Exercise inputs:
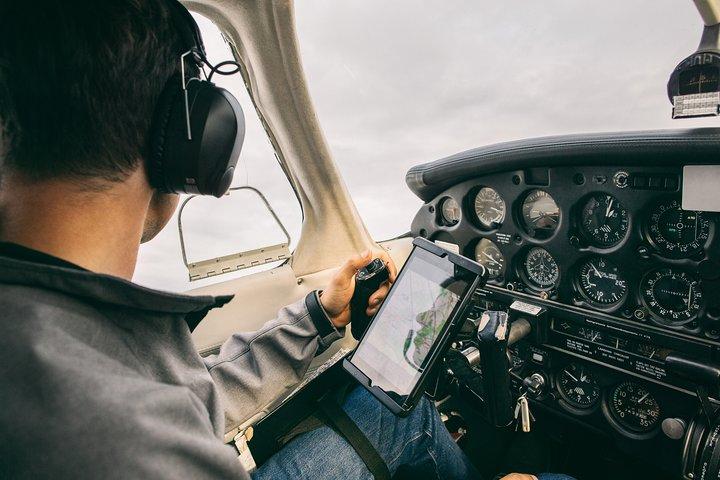 Fly above Normandy's hallowed coastline in a private plane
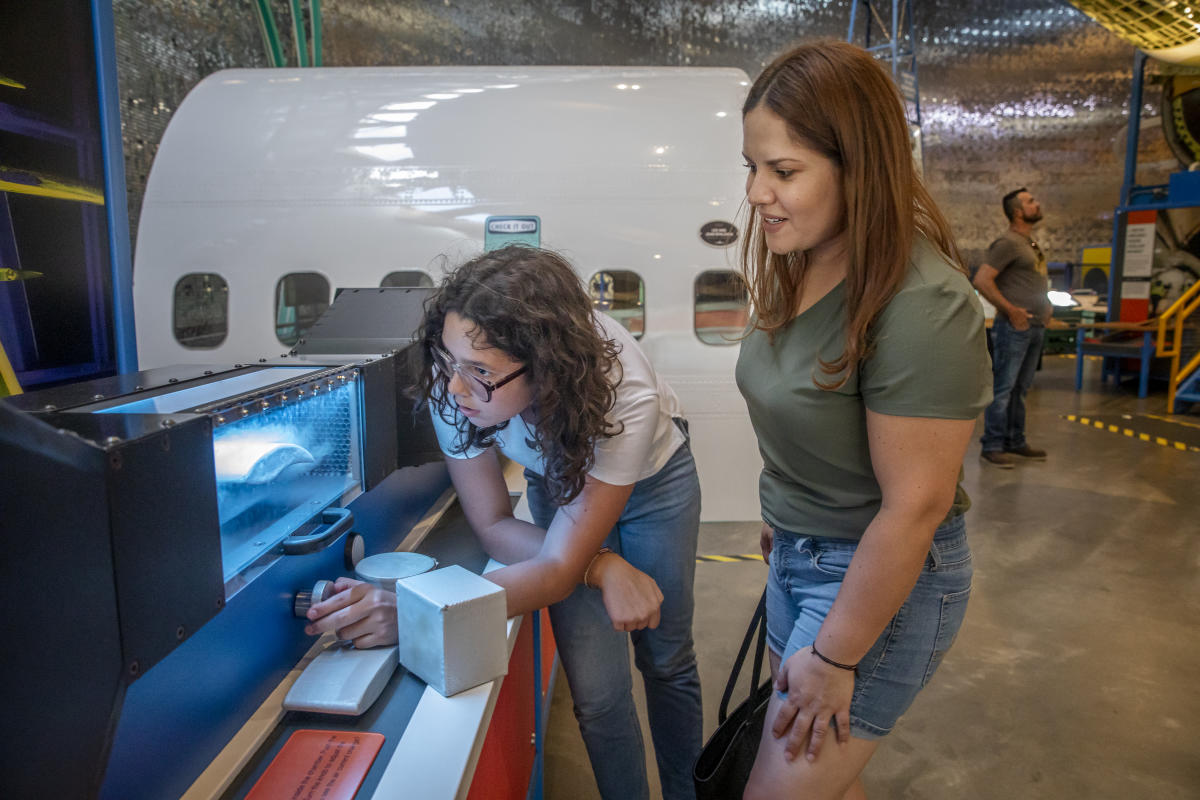 A Hispanic mother and daughter enjoy an exhibit at Exploration Place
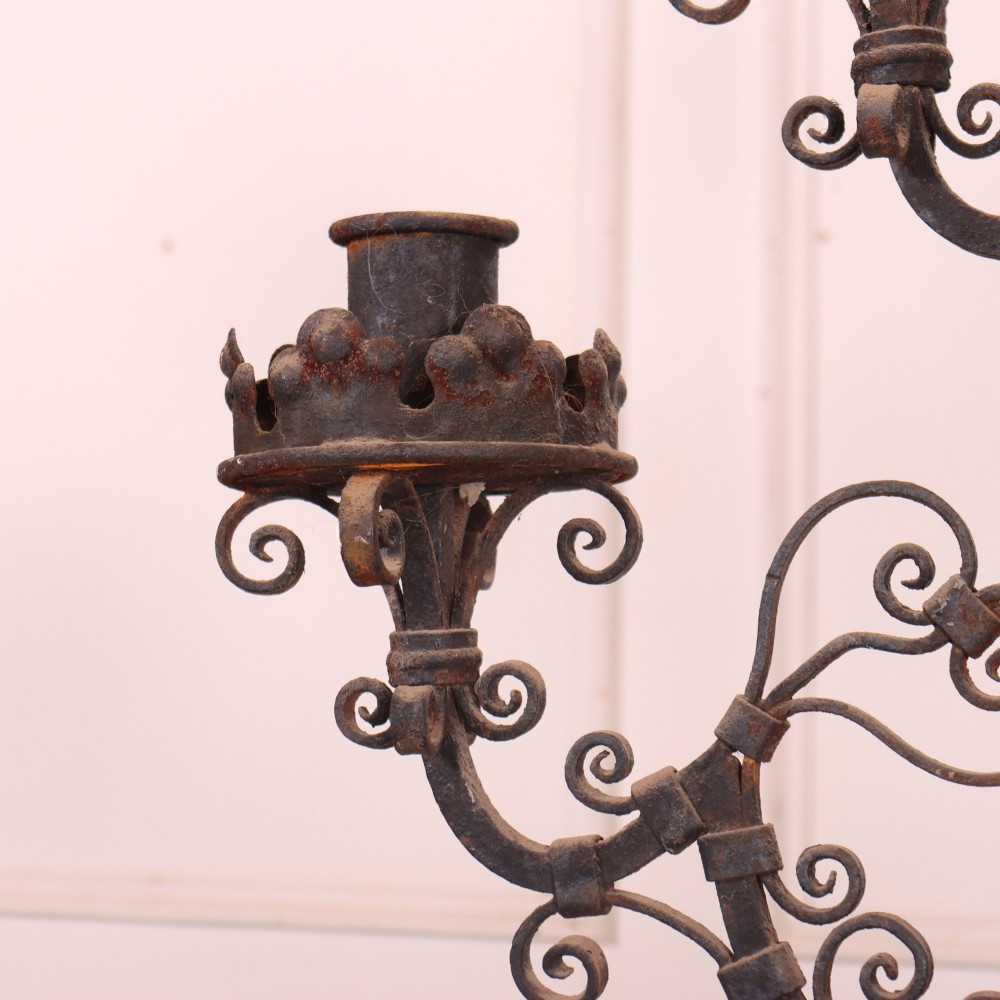 A tall dark wrought iron floor candelabra featuring scrollwork arms holding six candle sconces above a decorated stem and tripod scroll base. View V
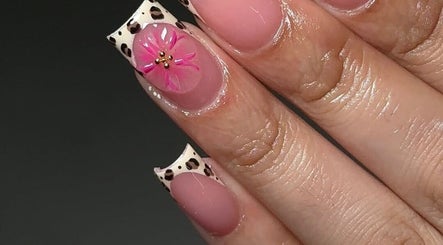 Elegant nail design featuring floral art at Blissbeauty Glam Studio, East London, Eastern Cape, ZA.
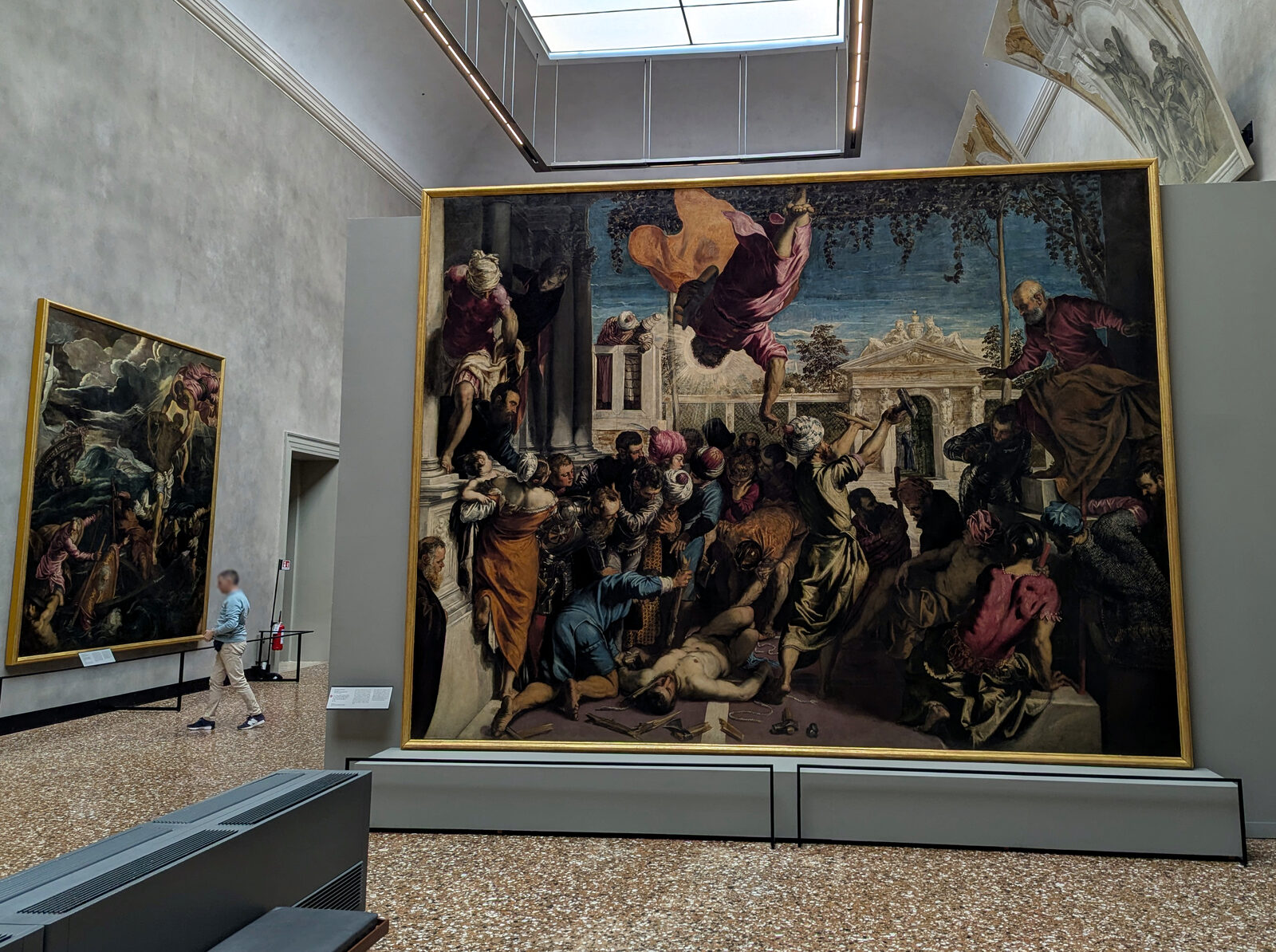 Gallerie dell'Accademia : Tintoretto's Saint Mark Rescuing the Slave (1548), originally painted for Scuola di San Marco, depicts the evangelist swooping into the scene mid-flight and shattering the instruments of torture to save a devoted slave from martyrdom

Your instructions:
Please repeat exactly the lines from the one containing "A Hispanic mother" through the end of the entries, both included, omitting pictures.

Solution to this task:
 A Hispanic mother and daughter enjoy an exhibit at Exploration Place
 A tall dark wrought iron floor candelabra featuring scrollwork arms holding six candle sconces above a decorated stem and tripod scroll base. View V
 Elegant nail design featuring floral art at Blissbeauty Glam Studio, East London, Eastern Cape, ZA.
 Gallerie dell'Accademia : Tintoretto's Saint Mark Rescuing the Slave (1548), originally painted for Scuola di San Marco, depicts the evangelist swooping into the scene mid-flight and shattering the instruments of torture to save a devoted slave from martyrdom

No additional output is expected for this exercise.